Pugliese, un collaboratore ritenuto credibile dall’Antimafia e dalla Polizia di Latina, racconta le dinamiche di quelle affissioni che non sono mere apposizioni dei manifesti ma qualcosa di più, un vero e proprio controllo del territorio. “Il compito di svolgere propaganda elettorale commissionato a Riccardo e ai suoi “operai – scrivono gli inquirenti nelle carte che hanno poi portato al processo Alba Pontina – non si risolveva nella mera attività materiale di affissione, ma nell’imporre nella aree prescelte la prevalenza delle affissioni del candidato sponsorizzato, assicurandosi che nessuno prevaricasse gli spazi a ciò riservati e facendo valere, ove necessario, la propria caratura al fine di redarguire chi non si conformasse a tale modalità di gestione delle affissioni“. Ecco perché anche Terracina, come Latina, era divisa in zone di influenza da rispettare quasi militarmente.

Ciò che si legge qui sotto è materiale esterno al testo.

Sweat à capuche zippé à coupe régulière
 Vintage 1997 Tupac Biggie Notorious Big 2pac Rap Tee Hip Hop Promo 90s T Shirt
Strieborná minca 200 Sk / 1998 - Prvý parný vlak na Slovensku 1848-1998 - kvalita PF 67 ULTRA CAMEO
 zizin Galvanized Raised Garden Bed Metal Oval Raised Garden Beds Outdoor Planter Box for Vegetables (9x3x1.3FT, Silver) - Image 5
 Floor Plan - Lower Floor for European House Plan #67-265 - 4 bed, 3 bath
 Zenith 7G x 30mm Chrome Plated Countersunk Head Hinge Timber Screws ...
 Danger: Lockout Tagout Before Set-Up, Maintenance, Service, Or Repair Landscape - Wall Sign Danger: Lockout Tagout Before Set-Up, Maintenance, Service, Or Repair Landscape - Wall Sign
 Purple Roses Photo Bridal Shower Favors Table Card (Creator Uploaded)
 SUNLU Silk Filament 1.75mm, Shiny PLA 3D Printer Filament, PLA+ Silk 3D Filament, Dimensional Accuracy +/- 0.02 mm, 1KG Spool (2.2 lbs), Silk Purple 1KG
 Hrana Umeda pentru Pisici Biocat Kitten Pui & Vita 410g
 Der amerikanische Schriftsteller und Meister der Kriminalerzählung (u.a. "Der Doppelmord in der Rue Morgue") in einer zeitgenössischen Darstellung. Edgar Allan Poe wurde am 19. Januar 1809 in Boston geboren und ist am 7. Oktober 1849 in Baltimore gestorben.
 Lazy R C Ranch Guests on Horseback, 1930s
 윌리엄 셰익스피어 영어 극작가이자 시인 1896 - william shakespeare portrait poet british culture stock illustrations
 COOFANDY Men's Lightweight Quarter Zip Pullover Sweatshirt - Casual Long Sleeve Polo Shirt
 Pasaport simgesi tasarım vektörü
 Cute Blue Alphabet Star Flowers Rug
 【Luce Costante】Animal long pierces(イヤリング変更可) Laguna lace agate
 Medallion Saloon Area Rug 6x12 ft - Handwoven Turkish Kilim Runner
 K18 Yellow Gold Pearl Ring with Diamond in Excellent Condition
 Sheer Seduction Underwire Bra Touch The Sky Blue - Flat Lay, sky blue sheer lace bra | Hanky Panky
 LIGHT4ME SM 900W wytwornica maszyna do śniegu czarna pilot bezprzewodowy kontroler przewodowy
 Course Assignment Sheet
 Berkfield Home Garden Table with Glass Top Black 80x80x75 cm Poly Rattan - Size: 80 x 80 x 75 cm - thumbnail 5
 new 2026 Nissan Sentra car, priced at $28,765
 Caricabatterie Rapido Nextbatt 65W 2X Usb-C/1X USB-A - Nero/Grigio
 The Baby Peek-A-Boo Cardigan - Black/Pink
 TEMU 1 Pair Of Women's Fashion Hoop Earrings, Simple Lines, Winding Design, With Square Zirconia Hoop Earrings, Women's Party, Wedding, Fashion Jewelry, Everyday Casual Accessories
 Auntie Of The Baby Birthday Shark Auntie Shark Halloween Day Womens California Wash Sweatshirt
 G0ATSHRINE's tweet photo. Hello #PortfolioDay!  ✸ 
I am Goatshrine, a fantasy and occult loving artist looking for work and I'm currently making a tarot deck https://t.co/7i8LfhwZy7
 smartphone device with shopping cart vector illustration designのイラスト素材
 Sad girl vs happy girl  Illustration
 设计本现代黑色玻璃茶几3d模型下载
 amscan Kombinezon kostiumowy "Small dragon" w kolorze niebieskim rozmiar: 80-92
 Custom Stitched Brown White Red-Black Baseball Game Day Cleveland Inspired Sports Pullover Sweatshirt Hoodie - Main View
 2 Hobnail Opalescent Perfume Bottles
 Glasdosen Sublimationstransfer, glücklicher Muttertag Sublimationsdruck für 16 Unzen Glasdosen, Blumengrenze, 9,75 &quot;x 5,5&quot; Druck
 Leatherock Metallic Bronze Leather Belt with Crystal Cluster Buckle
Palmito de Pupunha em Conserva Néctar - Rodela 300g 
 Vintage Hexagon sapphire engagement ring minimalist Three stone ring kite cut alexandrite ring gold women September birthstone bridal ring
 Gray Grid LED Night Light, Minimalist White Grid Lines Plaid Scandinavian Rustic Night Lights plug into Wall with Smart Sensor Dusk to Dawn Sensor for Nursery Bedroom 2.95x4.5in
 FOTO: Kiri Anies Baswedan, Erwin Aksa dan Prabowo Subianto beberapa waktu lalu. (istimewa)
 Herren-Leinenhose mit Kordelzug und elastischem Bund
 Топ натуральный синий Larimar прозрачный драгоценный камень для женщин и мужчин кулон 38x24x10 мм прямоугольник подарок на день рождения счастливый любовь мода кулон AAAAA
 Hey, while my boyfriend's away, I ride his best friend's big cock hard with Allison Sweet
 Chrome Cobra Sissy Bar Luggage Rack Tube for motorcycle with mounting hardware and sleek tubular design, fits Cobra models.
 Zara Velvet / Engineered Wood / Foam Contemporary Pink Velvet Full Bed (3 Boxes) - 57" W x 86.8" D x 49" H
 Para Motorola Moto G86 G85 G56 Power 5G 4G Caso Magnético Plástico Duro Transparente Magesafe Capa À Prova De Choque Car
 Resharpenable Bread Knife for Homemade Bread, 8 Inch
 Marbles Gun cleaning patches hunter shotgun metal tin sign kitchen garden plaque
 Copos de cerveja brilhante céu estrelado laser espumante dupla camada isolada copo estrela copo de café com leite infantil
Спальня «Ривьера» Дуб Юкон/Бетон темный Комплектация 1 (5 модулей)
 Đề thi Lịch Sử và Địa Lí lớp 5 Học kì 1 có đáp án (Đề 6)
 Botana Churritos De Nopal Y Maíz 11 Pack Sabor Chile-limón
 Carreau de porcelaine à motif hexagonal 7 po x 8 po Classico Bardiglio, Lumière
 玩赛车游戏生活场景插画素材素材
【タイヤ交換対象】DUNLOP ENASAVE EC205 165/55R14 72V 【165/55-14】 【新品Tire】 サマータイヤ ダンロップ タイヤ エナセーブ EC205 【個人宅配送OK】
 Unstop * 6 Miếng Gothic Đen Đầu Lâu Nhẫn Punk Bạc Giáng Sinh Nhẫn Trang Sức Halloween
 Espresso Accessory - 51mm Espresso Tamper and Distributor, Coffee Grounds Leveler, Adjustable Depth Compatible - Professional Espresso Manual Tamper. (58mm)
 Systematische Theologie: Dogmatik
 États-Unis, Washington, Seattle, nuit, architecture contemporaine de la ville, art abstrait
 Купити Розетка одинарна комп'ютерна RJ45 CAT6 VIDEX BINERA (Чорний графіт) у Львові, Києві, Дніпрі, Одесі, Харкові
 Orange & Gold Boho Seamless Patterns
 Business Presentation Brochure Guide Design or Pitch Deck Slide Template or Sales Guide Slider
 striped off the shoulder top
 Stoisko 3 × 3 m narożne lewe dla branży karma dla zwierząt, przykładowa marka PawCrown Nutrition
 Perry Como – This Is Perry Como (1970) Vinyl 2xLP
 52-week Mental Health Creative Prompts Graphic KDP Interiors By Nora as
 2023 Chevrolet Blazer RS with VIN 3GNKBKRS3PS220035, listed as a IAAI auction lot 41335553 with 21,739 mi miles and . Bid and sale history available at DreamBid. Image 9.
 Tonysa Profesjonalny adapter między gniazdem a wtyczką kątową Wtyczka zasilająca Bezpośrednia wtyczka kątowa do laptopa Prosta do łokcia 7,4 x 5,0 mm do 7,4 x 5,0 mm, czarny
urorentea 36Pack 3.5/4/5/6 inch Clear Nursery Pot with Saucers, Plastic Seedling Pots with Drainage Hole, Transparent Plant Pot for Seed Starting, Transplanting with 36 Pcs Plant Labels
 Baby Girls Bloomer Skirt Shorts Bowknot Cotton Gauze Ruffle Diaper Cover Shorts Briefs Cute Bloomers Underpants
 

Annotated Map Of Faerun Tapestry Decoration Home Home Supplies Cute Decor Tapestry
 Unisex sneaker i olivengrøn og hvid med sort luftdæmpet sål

“Ricordo – dichiara Pugliese agli investigatori – che la Cetrone ci chiese di affiggere i manifesti anche oltre l’orario consentito, in prossimità del voto, in modo da poter far apparire fino alla fine il suo volto agli elettori. Mi disse infatti che tanto le multe, eventualmente, venivano pagate a stralcio solo in parte quindi non erano molto elevate“.
Vieppiù delicate le dichiarazioni di Agostino Riccardo che arriva a dire su Gina Cetrone cose piuttosto pesanti, se non penalmente, almeno per quanto riguarda la credibilità politica: “Con riguardo a Gina Cetrone, io, Francesco Viola e Giancarlo Alessandrini (ndr: questi due ultimi coinvolti nel processo Don’t Touch: Viola condannato definitivamente; Alessandrini noto leader della tifoseria del Latina Calcio ai tempi di Maiettopoli) già l’avevamo conosciuta avendo fatto la campagna elettorale per lei nell’anno 2013-14“.
“Per la campagna elettorale di Terracina – prosegue Riccardo nei suoi verbali omissati rilasciati agli investigatori – c’era Vera Travali, sorella di Angelo, che tartassava Gina Cetrone dicendole che il marito, Francesco Viola, anche se detenuto (ndr: era già in galera per l’indagine denominata Don’t Touch), avrebbe curato la sua campagna elettorale tramite Giancarlo Alessandrini e Manolo Morelli. Cetrone aveva perso la fiducia nei confronti di Viola perché in occasione delle elezioni regionali del 2013, quest’ultimo le promise 500 voti dei tifosi della curva del Latina Calcio“. Voti che però furono indirizzati ad altro candidato.
Sempre per la campagna elettorale delle Comunali 2016, Agostino Riccardo così argomenta: “Venni avvicinato da Sabatino Morelli detto Manolo che mi disse di lasciar perdere la campagna di Cetrone, perché doveva farla Viola e che i cognati Angelo e Salvatore Travali, più Angelo Morelli detto Calo erano detenuti“.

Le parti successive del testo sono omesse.